En 1950, année de la naissance de Chantal Akerman, « Belge d’origine juive polonaise », « vieille enfant », « fille de la génération sacrifiée », comme elle aimait à se présenter[1], paraissait Lazare parmi nous(Seuil, Paris), de l’écrivain Jean Cayrol, qui avait connu le camp de Mauthausen et qui serait cinq ans plus tard l’auteur du commentaire de Nuit et brouillard, le film d’Alain Resnais. A rebours de ce qui deviendra bientôt la vulgate, l’interdiction de toute littérature sur le sujet, due notamment aux textes de l’essayiste Maurice Blanchot, Cayrol, ressuscitant la parabole de Lazare, montrait que, loin de le périmer, Auschwitz accélérait l’art moderne : un « romanesque lazaréen » doit accompagner la « nuit blanche de l’humanité » ouverte par les camps.
No Home Movie [2], le dernier film d’Akerman, qui a mis fin à ses jours le 5 octobre 2015, peu après la disparition l’année précédente de sa mère, survivante des camps, est un condensé de son cinéma, « lazaréen » s’il en est, et qui fut déclenché par une double commotion « moderne » : Jean-Luc Godard et Pierrot le fou en 1965, puis Michael Snow et La Région centrale, vu par la jeune fille à New York en 1971. « Il n’y a rien à ressasser disait mon père, il n’y a rien à dire disait ma mère, et c’est sur ce rien que je travaille »,affirmait-elle.
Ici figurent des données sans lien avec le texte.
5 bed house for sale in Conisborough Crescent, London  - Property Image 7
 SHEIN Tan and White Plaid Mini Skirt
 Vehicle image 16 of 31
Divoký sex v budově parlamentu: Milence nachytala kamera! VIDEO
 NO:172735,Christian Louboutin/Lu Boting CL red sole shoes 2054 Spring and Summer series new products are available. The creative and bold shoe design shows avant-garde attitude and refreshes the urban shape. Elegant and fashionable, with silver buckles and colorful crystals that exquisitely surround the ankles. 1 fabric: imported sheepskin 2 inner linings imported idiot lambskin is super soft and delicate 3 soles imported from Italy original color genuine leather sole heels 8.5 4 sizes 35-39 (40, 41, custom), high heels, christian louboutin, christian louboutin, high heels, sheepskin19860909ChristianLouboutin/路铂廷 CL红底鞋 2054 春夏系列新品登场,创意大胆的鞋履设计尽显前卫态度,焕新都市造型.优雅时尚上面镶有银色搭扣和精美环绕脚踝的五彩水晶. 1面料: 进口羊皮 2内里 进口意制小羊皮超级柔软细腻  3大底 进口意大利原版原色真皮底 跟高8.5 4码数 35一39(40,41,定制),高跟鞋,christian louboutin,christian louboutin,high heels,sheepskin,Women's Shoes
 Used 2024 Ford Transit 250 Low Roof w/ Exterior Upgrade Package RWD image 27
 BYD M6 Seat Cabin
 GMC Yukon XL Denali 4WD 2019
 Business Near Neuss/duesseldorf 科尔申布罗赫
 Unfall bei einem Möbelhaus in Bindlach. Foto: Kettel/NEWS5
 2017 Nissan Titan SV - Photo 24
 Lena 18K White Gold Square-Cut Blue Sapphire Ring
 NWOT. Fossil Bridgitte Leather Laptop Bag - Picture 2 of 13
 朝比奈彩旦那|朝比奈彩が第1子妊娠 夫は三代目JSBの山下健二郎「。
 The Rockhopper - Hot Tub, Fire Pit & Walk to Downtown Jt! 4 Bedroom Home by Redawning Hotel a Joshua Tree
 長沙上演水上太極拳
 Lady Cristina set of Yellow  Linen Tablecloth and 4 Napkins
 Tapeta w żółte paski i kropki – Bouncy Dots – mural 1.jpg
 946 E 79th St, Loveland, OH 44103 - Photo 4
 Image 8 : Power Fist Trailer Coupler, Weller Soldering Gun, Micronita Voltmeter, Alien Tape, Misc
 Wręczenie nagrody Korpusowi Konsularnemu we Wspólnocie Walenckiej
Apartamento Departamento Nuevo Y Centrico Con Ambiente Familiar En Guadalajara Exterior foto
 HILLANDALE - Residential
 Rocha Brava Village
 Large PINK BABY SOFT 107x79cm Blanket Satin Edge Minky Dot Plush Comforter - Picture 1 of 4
Ouvert et fermé par des images du désert (le Sinaï ?), No Home Movie montre le dialogue tendre et impossible, dans l’appartement de Bruxelles ou par Skype, de la cinéaste nomade et de sa mère.
En 1975 (l’année aussi de W ou le Souvenir d’enfance de Georges Perec, de La Vie devant soi de Romain Gary, des Souvenirs obscurs d’un juif polonais né en France de Pierre Goldman…), elle renouvelle le cinéma avec Jeanne Dielman, 23 quai du commerce, 1080 Bruxelles [3], l’histoire d’une mère juive survivante, morte à la vie, ménagère obsessionnelle, qui se prostitue et qui tue quand elle connaît le plaisir. Trois heures dans un appartement filmé comme un désert. Un film féministe qui entame une très complexe « autobiographie de sa mère », non naturaliste, interprétée ici par Delphine Seyrig, le premier double de l’auteur, le second étant Aurore Clément qui, dans Les Rendez-Vous d’Anna (1978), parcourt l’Europe de l’après-guerre pour y montrer ses films. Ces deux films inaugurent une œuvre d’une étonnante nouveauté.
« Ça pue la Pologne », disait Jean-Pierre Marielle, agent immobilier, à chaque visite, dans Demain on déménage (2004). La caméra d’Akerman n’a pas cessé de « déménager », ce qui apparaît avec force dans ses documentaires (réunis par les éditions Shellac en 2011) : la Pologne et la Russie (D’Est) ; l’Amérique, celle vécue par les Mexicains (De l’autre côté) ou inspirée de William Faulkner (Sud) ; Israël (Là-bas)… Mais la cinéaste a également adapté Marcel Proust et Joseph Conrad (La Captive, La Folie Almayer).En quête d’une « chambre », d’une cuisine « à soi »… Dans ce cinéma lazaréen, la chaîne des femmes est le seul antidote à la folie et à la mort. Au mi-temps des Rendez-vous d’Anna, au cœur de ce film, au cœur de l’œuvre entière, la mère (Léa Massari) et la fille dialoguent dans le lit d’un motel de Bruxelles. « Proust voulait que sa mère lui lise des histoires. Moi, je voulais connaître l’histoire de ma mère. » Celle qui a subi la hache de l’histoire… No Home Movienous mène au bord de cette « région centrale »[4].
Notes
[1] Les propos de Chantal Akerman sont extraits de ses écrits : Hall de nuit et Une famille à Bruxelles, L’Arche, Paris, respectivement 1992 et 1998 ; Autoportrait en cinéaste, Centre Pompidou – Cahiers du cinéma, Paris, 2004 ; Ma mère rit, Mercure de France, Paris, 2013.
[2] Sorti en salles le 24 février 2016.
[3] Coffret Chantal Akerman. Les Années 70, cinq DVD, Carlotta, Paris, 2007.
[4] Le numéro 97 de la revue Trafic (POL, Paris, mars 2016) est largement consacré à Chantal Akerman. Une rétrospective devrait avoir lieu à l’automne à Moscou.